Example: Using a Custom Parameter Mapper
Func<Order, IEnumerable<DatabaseParameter>> mapper = order => new[]
{
new DatabaseParameter("@p0", order.OrderId),
new DatabaseParameter("@p1", order.CustomerId),
new DatabaseParameter("@p2", order.Total),
new DatabaseParameter("@p3", order.Status)
};
var sinkNode = new SnowflakeSinkNode<Order>(
connectionString,
"ORDERS",
configuration: new SnowflakeConfiguration
{
WriteStrategy = SnowflakeWriteStrategy.PerRow,
UseTransaction = true,
Schema = "PUBLIC"
},
customMapper: mapper);
Configuration Reference
SnowflakeConfiguration
The SnowflakeConfiguration class provides comprehensive options for configuring Snowflake read and write operations.
Properties
| Property | Type | Default | Description |
|---|---|---|---|
ConnectionString | string | "" | Snowflake connection string. Not required when using a connection pool. |
Schema | string | "PUBLIC" | Default schema name for table operations. |
StreamResults | bool | true | Enables streaming of results to reduce memory usage for large result sets. |
FetchSize | int | 10,000 | Number of rows to fetch per round-trip when streaming. Larger values reduce round-trips but use more memory. |
WriteStrategy | SnowflakeWriteStrategy | Batch | Write strategy for sink operations (PerRow, Batch, StagedCopy). |
BatchSize | int | 1,000 | Target batch size for batch write operations. |
MaxBatchSize | int | 16,384 | Maximum batch size to prevent runaway buffers. BatchSize is clamped to this value. |
UseTransaction | bool | true | Wraps write operations in a transaction for atomicity (PerRow and Batch only). |
UseUpsert | bool | false | Enables MERGE-based upsert semantics. |
UpsertKeyColumns | string[]? | null | Columns that form the merge key for upsert. |
OnMergeAction | OnMergeAction | Update | Merge resolution action (Update, Ignore, or Delete). |
CommandTimeout | int | 300 | Command timeout in seconds (5 minutes default, suitable for Snowflake's compute provisioning). |
MaxRetryAttempts | int | 3 | Maximum number of retry attempts for transient failures. |
RetryDelay | TimeSpan | TimeSpan.FromSeconds(2) | Base delay between retry attempts (exponential backoff with jitter, 60s cap). |
MaxPoolSize | int | 10 | Maximum connection pool size. Conservative default since Snowflake connections are expensive. |
CaseInsensitiveMapping | bool | true | Enables case-insensitive column name mapping.
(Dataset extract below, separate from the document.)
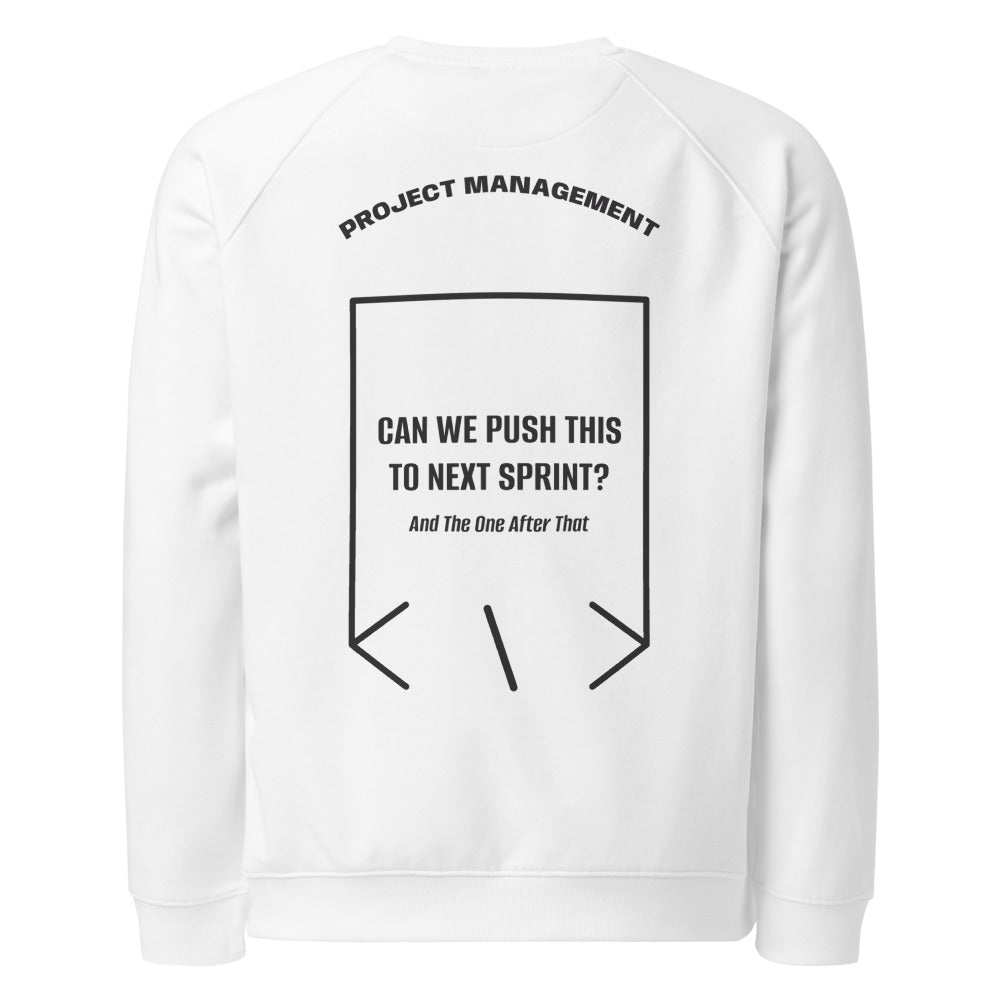 Can We Push This To Next Sprint? — White Charcoal Melange back mockup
Handles uppercase mismatch between C# PascalCase and Snowflake UPPER_CASE. |
ContinueOnError | bool | false | Continues processing when per-property mapping errors occur. |
QueryTag | string | "NPipeline" | Query tag for Snowflake observability (ALTER SESSION SET QUERY_TAG). |
StageName | string | "~" | Stage name for StagedCopy strategy (~ = user stage). |
StageFilePrefix | string | "npipeline_" | Prefix for staged files. |
FileFormat | string | "CSV" | File format for StagedCopy (CSV or PARQUET). |
CopyCompression | string | "GZIP" | Compression for StagedCopy (GZIP or SNAPPY). |
PurgeAfterCopy | bool | true | Remove staged files after COPY INTO completes. |
OnErrorAction | string | "ABORT_STATEMENT" | Error handling for COPY INTO. |
CheckpointTableName | string | "PIPELINE_CHECKPOINTS" | Table name for Snowflake-based checkpoint storage. |
SnowflakeWriteStrategy
Enum defining write strategies for the sink node.
| Value | Description |
|---|---|
PerRow | Writes each row individually with a separate INSERT statement. Best for real-time processing and per-row error handling. |
Batch | Buffers multiple rows and issues a single multi-value INSERT statement. Best for moderate-volume operations and high throughput. |
StagedCopy | Uses Snowflake's PUT + COPY INTO for maximum throughput. Best for bulk loading large datasets (10K+ rows). |
OnMergeAction
Enum defining actions to take when a MERGE statement encounters a match.
| Value | Description |
|---|---|
Update | Updates non-key columns using values from the incoming row. Generates WHEN MATCHED THEN UPDATE SET .... |
Ignore | Leaves the existing row unchanged when a match is found. Omits the WHEN MATCHED clause entirely — only new rows are inserted. |
Delete | Removes the existing row when a match is found. Generates WHEN MATCHED THEN DELETE. |
Upsert Operations
The connector supports Snowflake's MERGE statement for upsert operations, allowing you to insert rows or update them if they already exist.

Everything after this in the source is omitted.